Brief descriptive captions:
□ □ □ □ □
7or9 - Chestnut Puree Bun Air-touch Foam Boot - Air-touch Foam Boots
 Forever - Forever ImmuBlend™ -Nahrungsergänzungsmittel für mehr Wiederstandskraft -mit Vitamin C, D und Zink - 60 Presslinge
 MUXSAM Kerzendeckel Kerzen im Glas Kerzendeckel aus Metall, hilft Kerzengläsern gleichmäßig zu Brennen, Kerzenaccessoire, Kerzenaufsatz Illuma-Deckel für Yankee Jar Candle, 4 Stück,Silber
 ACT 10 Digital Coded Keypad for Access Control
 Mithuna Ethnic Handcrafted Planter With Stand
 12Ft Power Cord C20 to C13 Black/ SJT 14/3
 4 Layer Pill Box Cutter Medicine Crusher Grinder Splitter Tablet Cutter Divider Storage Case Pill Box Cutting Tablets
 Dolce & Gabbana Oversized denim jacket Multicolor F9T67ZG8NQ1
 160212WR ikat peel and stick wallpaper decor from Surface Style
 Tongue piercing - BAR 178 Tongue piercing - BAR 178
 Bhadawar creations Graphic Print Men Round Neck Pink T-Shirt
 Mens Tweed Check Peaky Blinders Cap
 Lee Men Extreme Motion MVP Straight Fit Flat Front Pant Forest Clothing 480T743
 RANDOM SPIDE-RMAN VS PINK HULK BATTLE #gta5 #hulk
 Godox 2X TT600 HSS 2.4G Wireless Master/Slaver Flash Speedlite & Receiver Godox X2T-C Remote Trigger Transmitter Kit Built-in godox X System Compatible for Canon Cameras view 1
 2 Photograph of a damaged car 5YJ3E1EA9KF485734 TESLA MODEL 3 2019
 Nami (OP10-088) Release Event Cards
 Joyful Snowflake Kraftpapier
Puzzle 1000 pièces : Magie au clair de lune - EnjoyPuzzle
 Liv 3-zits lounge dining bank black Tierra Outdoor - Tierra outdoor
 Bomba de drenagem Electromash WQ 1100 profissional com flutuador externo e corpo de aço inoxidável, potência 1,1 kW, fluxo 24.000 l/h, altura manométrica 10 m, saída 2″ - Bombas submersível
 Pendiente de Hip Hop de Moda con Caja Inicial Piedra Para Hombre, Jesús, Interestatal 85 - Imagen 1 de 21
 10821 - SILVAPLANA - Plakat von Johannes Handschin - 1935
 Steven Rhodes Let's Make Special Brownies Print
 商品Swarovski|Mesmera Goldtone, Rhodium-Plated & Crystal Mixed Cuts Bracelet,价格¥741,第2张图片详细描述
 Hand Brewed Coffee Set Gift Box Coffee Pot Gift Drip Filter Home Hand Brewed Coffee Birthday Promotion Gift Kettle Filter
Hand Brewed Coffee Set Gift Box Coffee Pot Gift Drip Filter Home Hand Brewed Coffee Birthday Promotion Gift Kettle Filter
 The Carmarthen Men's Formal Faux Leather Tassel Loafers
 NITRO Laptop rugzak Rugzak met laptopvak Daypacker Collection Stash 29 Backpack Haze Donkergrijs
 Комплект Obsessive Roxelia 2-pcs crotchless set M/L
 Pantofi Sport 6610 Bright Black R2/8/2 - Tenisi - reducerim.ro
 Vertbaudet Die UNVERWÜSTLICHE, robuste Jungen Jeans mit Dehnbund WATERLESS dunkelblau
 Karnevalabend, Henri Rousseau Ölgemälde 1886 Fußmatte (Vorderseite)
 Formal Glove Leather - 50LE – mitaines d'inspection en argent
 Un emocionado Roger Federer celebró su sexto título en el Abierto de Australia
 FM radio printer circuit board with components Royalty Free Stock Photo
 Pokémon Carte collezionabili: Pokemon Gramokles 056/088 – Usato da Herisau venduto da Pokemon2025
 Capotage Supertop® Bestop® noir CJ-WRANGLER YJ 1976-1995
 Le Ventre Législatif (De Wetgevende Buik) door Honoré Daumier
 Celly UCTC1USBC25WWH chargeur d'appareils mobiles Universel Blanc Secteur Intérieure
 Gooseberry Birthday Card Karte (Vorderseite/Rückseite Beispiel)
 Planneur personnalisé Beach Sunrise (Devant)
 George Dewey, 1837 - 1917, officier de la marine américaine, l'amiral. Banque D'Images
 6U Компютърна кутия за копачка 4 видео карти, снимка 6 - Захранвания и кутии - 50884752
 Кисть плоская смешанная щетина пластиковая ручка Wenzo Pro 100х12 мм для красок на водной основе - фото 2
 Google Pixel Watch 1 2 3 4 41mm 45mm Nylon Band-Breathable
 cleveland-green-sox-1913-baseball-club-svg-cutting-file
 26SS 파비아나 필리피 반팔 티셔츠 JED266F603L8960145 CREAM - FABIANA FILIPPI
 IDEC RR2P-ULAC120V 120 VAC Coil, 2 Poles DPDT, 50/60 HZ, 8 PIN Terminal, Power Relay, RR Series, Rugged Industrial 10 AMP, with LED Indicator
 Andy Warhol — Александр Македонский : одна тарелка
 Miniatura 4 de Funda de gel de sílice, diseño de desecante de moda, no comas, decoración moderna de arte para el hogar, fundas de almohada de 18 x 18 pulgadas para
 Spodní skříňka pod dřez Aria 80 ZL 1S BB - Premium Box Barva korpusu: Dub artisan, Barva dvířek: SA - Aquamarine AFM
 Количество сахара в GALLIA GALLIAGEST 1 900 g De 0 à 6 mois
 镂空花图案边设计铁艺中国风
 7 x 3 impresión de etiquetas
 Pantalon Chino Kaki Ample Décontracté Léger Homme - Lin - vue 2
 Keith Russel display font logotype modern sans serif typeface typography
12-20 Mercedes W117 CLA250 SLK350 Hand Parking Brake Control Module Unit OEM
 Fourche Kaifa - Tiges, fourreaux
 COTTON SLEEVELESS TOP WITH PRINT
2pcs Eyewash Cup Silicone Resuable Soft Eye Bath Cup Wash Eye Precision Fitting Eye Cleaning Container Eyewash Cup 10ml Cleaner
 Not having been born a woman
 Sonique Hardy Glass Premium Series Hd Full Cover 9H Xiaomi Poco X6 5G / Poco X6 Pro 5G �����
□ □ □ □ □
Exercise requirements
Only one stretch of the entries above is wanted: the lines from the one containing "6U Компютърна кутия" through the one containing "Keith Russel display". Please reproduce it exactly.

Written answer
 6U Компютърна кутия за копачка 4 видео карти, снимка 6 - Захранвания и кутии - 50884752
 Кисть плоская смешанная щетина пластиковая ручка Wenzo Pro 100х12 мм для красок на водной основе - фото 2
 Google Pixel Watch 1 2 3 4 41mm 45mm Nylon Band-Breathable
 cleveland-green-sox-1913-baseball-club-svg-cutting-file
 26SS 파비아나 필리피 반팔 티셔츠 JED266F603L8960145 CREAM - FABIANA FILIPPI
 IDEC RR2P-ULAC120V 120 VAC Coil, 2 Poles DPDT, 50/60 HZ, 8 PIN Terminal, Power Relay, RR Series, Rugged Industrial 10 AMP, with LED Indicator
 Andy Warhol — Александр Македонский : одна тарелка
 Miniatura 4 de Funda de gel de sílice, diseño de desecante de moda, no comas, decoración moderna de arte para el hogar, fundas de almohada de 18 x 18 pulgadas para
 Spodní skříňka pod dřez Aria 80 ZL 1S BB - Premium Box Barva korpusu: Dub artisan, Barva dvířek: SA - Aquamarine AFM
 Количество сахара в GALLIA GALLIAGEST 1 900 g De 0 à 6 mois
 镂空花图案边设计铁艺中国风
 7 x 3 impresión de etiquetas
 Pantalon Chino Kaki Ample Décontracté Léger Homme - Lin - vue 2
 Keith Russel display font logotype modern sans serif typeface typography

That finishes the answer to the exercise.